--- START ---

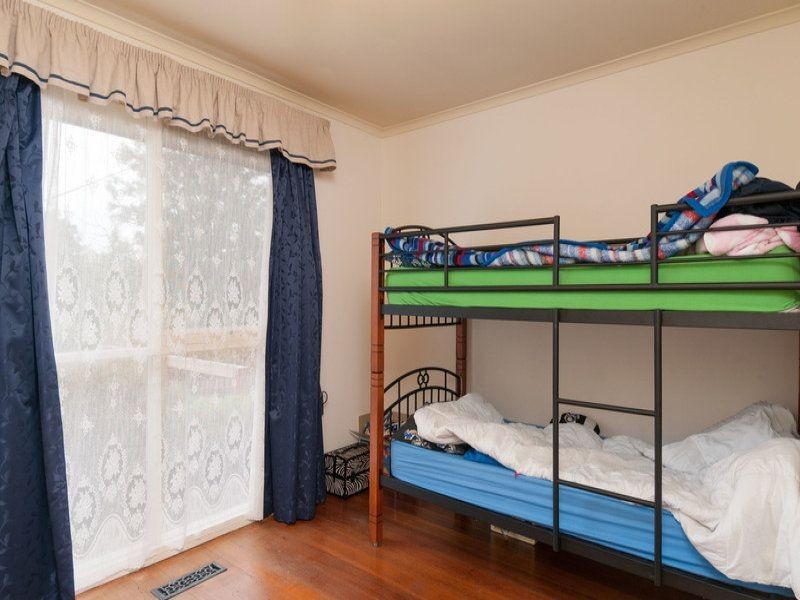 18 Sheldon Ave, Mooroolbark VIC 3138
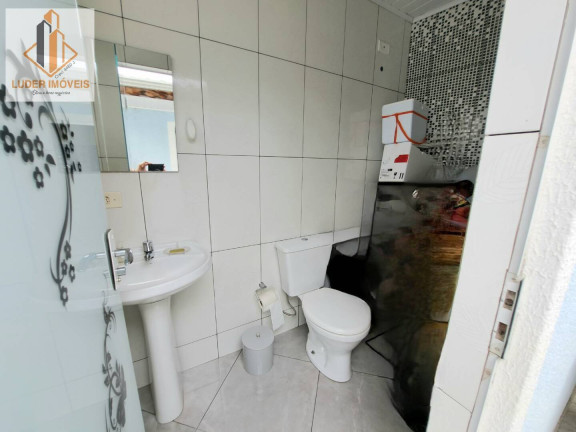 Imagem Casa com 3 Quartos à Venda, 180 m² em Fazendinha - Curitiba
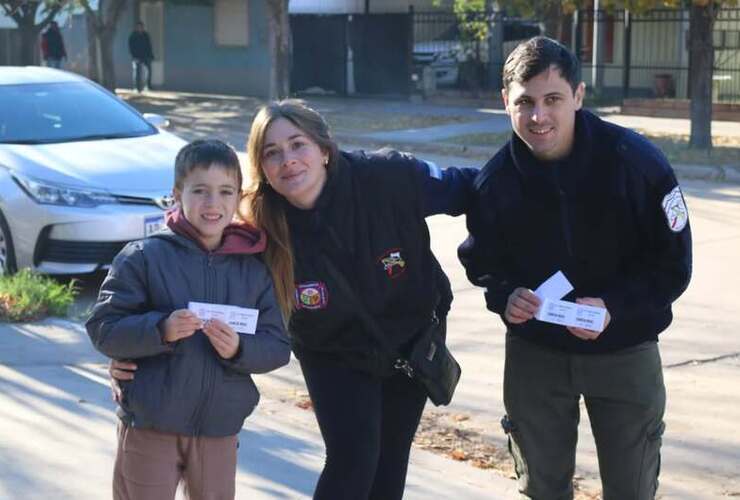 Imagen de Bomberos Voluntarios recaud&oacute; $9 millones con el tradicional �Chancho M&oacute;vil�
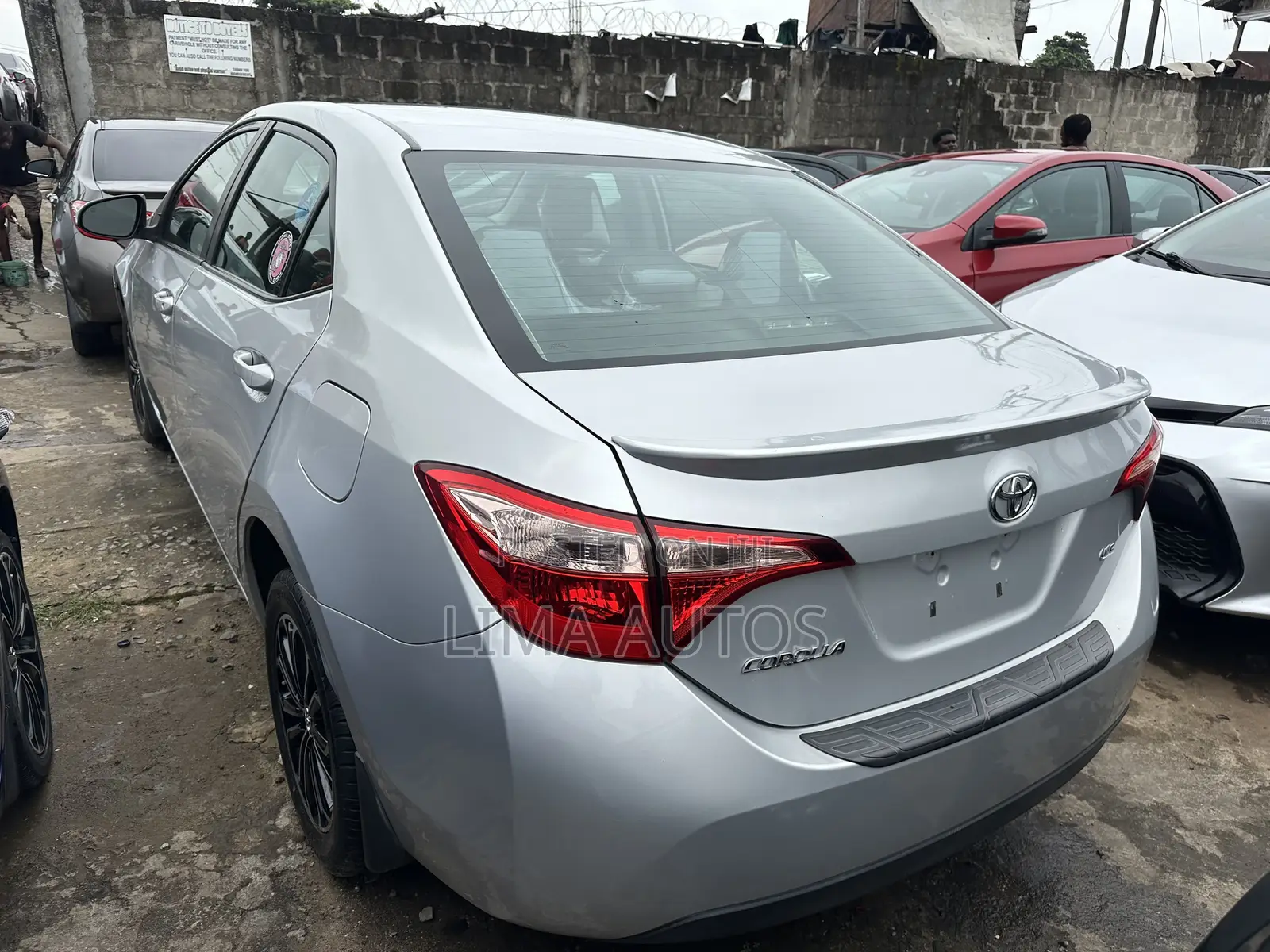 Toyota Corolla LE (1.8L 4cyl 2A) 2019 Silver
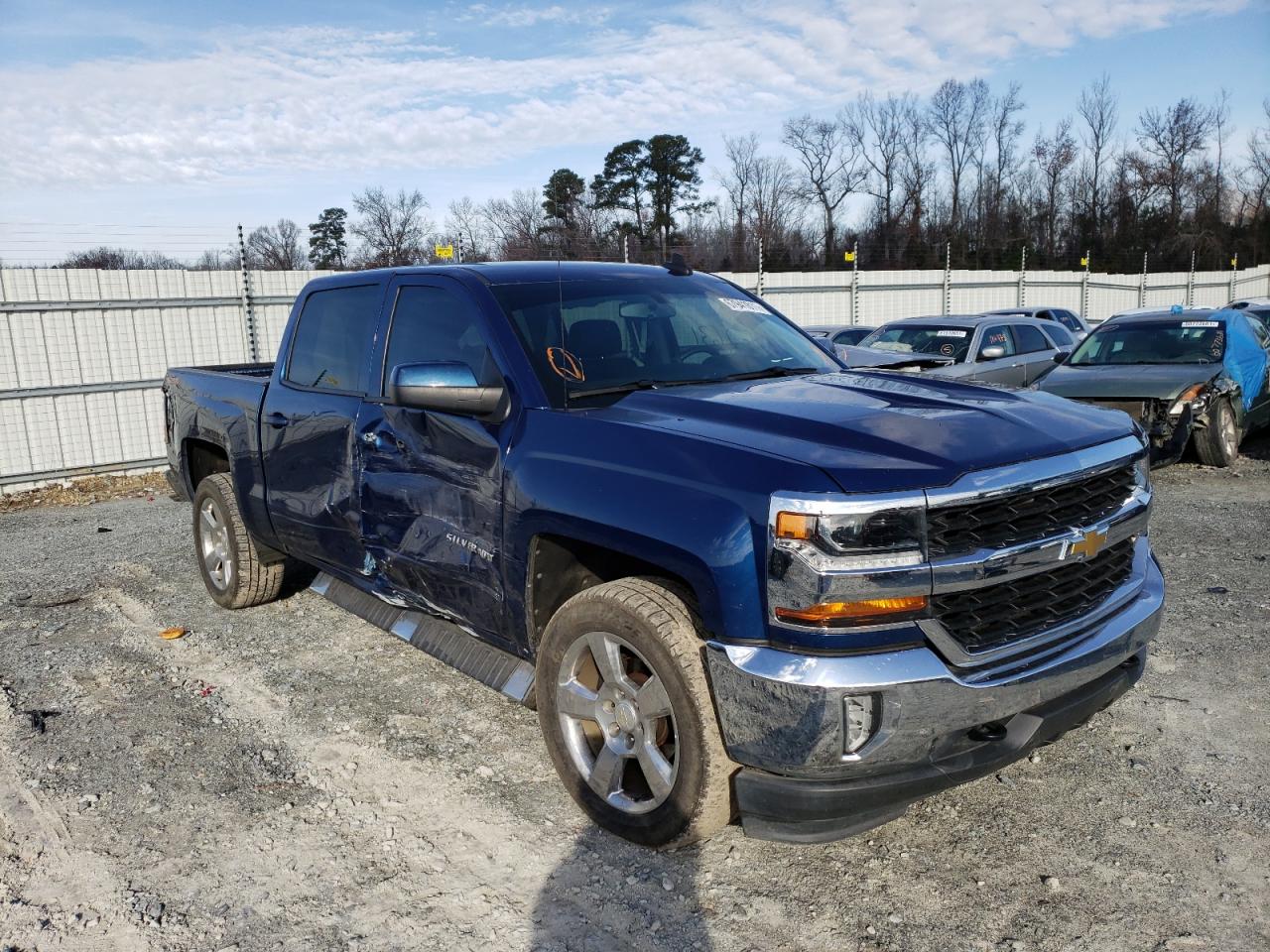 Photo 9 from auction – 2017 CHEVROLET SILVERADO with VIN 3GCUKREC6HG328520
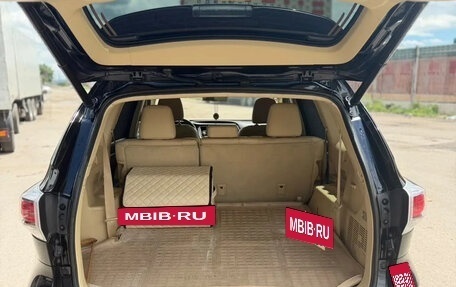 Toyota Highlander III, 2014 год, 2 700 000 рублей, 4 фотография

--- END ---

Reproduce the lines above, exactly and exclusively, from the line containing "Photo 9 from" down to the last line, both included; pictures are not part of the copy.

§ ANSWER FOR THE TASK:
 Photo 9 from auction – 2017 CHEVROLET SILVERADO with VIN 3GCUKREC6HG328520
 Toyota Highlander III, 2014 год, 2 700 000 рублей, 4 фотография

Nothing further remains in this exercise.